### TASK OBJECTIVE
With pictures excluded, copy word for word the lines in the data below from the line containing "Vaas met kunstbloemen" through the line containing "Skull W/ Traditional Cross on Braided Cord".

### RECORDS SHOWN

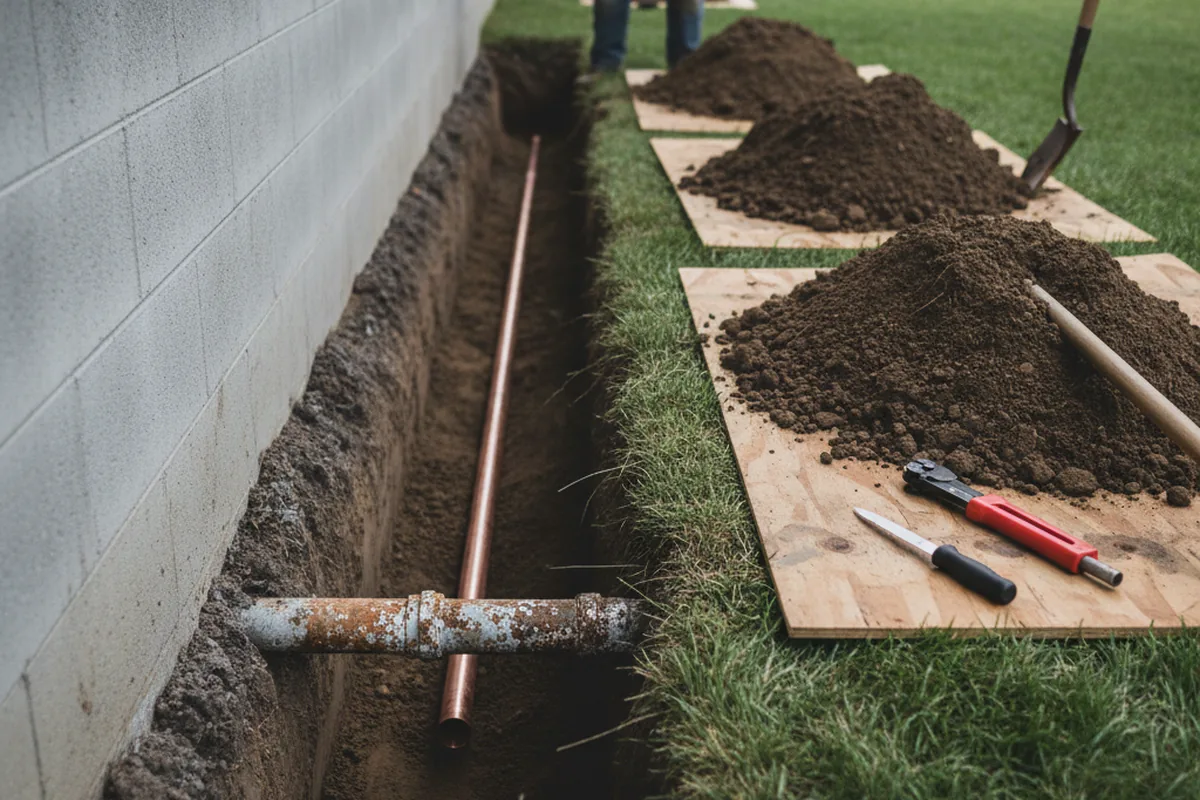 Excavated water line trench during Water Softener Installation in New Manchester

* * *

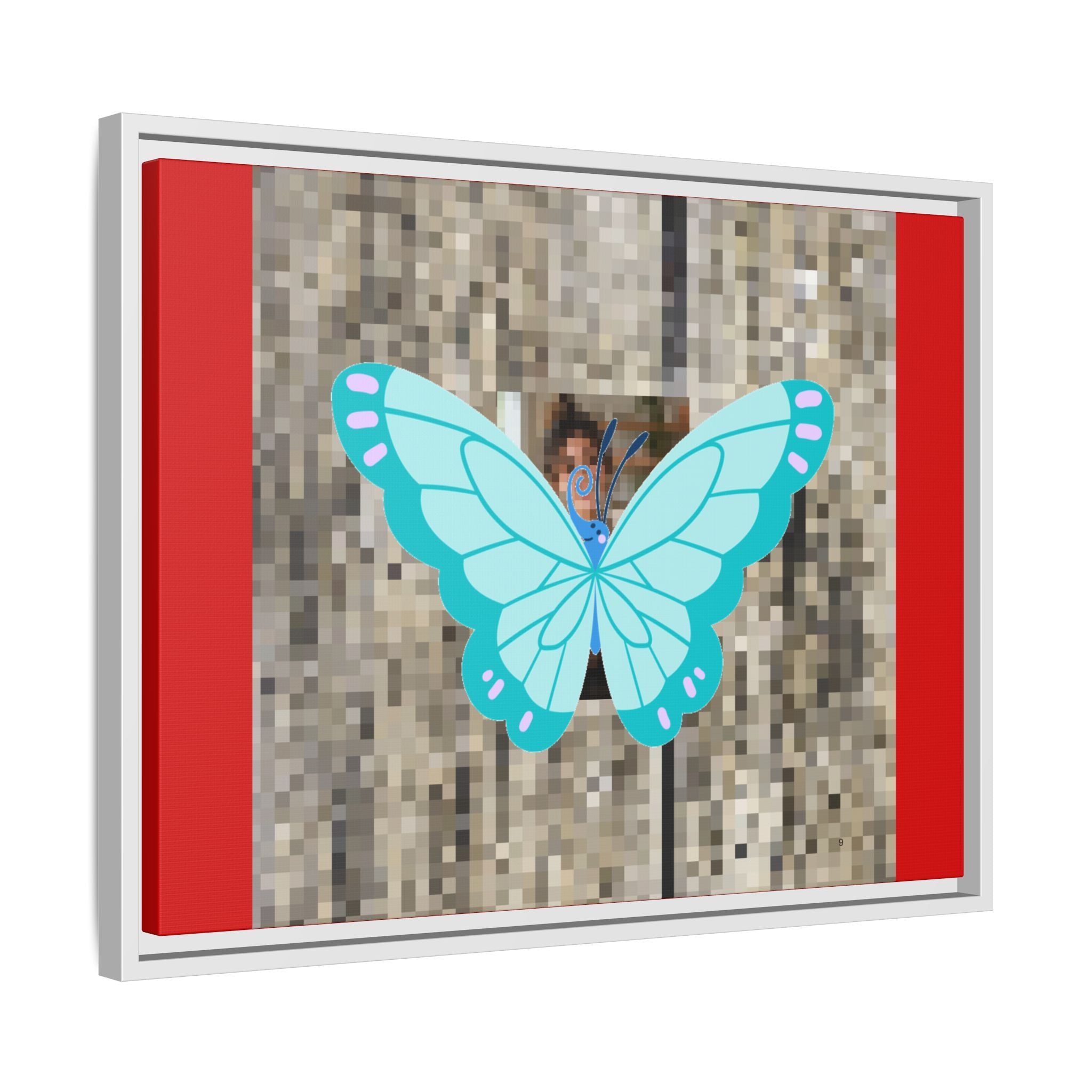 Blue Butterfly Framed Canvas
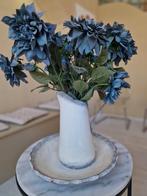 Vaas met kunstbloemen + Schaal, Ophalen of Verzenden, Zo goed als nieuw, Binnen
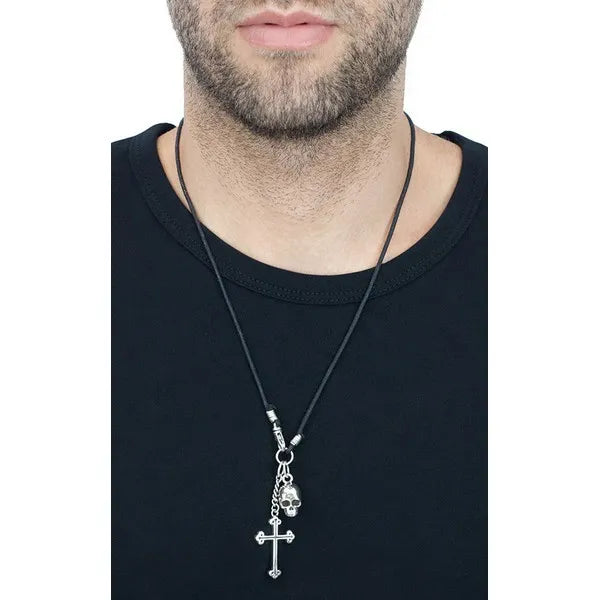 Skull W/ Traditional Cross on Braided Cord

### ANSWER TO THIS PROBLEM
 Vaas met kunstbloemen + Schaal, Ophalen of Verzenden, Zo goed als nieuw, Binnen
 Skull W/ Traditional Cross on Braided Cord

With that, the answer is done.